中村憲剛と佐藤寿人が若手に伝えたいこと。「ラクな選択をして生き残れるほど、この世界は甘くない」 (2ページ目)

  • 原山裕平●取材・文 text by Harayama Yuhei
  • 佐野美樹●撮影 photo by Sano Miki

 そういう前提があるなかで、自分自身のキャリアの最後のほうで感じたのは、危機感がない若手が増えているなということ。それはクラブ数が増えたことが関係していると思うんですよね。このチームで試合に出られなくても、カテゴリーを下げれば次のチームがあるという認識でシーズンを送っている選手が増えているのかもしれない。

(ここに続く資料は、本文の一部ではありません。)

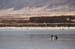 The Dead Sea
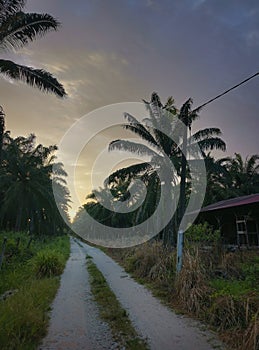 Early morning scene of the pathway into the farm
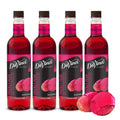 DaVinci Gourmet prickly pear syrup 4-pack bottles with prickly pear fruit
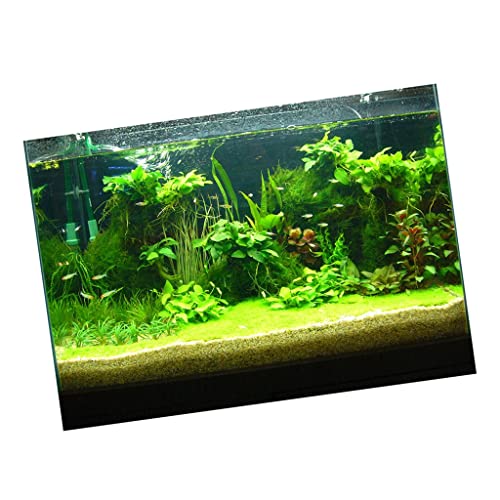 kowaku Aquarium Dekorationspapier, Selbstklebend, Ozeanwelt 6 Varianten - Einseitig, Wasserpflanzen, 61 * 30 cm von kowaku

 そういう意味では、サッカーができる環境が増えたことの弊害を少し感じますね。僕とか憲剛くんの若い時は、ここで結果を出さなければ、プロではいられなくなる危機感があった。でも今は、J2でもJ3でも続けられる。受け皿が広がった分、危機感を持ちづらくなっているのかなと。

中村 でもそれって、正しく現状を認識できていないとも言えるかもしれないよね。なぜレンタルで移籍するのかと考えれば、もちろんその時の年齢や立場を考慮したものもあるとは思うけど、現状ではチームにとってそこまで有益ではないと考えられているから。クラブからすれば、いずれ有益な存在になってほしいと期待を込めてレンタルに出すことがほとんどだと思うけど、実際に移籍にはリスクもあるじゃないですか。

佐藤 めちゃくちゃリスクですよ。

中村 レンタル先でも試合に出られなければ、望んだ成長もできないし、結果、戻って来にくくもなる。つまり、どこに在籍していたとしても危機感を持って、成長しなければいけないという本質は同じ。これは難しいことではなく、シンプルな結論です。

---- その本質を知っている選手が成長していけると。

中村 もちろん、若いうちからそこを理解している選手はあまり多くはないと思いますよ。僕たちみたいに40歳近くまでやり続けて、引退したから言えることでもあるとは思います。だからこそ、このタイミングで伝えたいという気持ちはあります。

佐藤 移籍のように大きなジャッジする場面もあれば、日常にも小さいジャッジをしなければいけない場面も多々あります。それぞれの場面で常に正解を選んでいくと、自ずと成長の道を歩めると思います。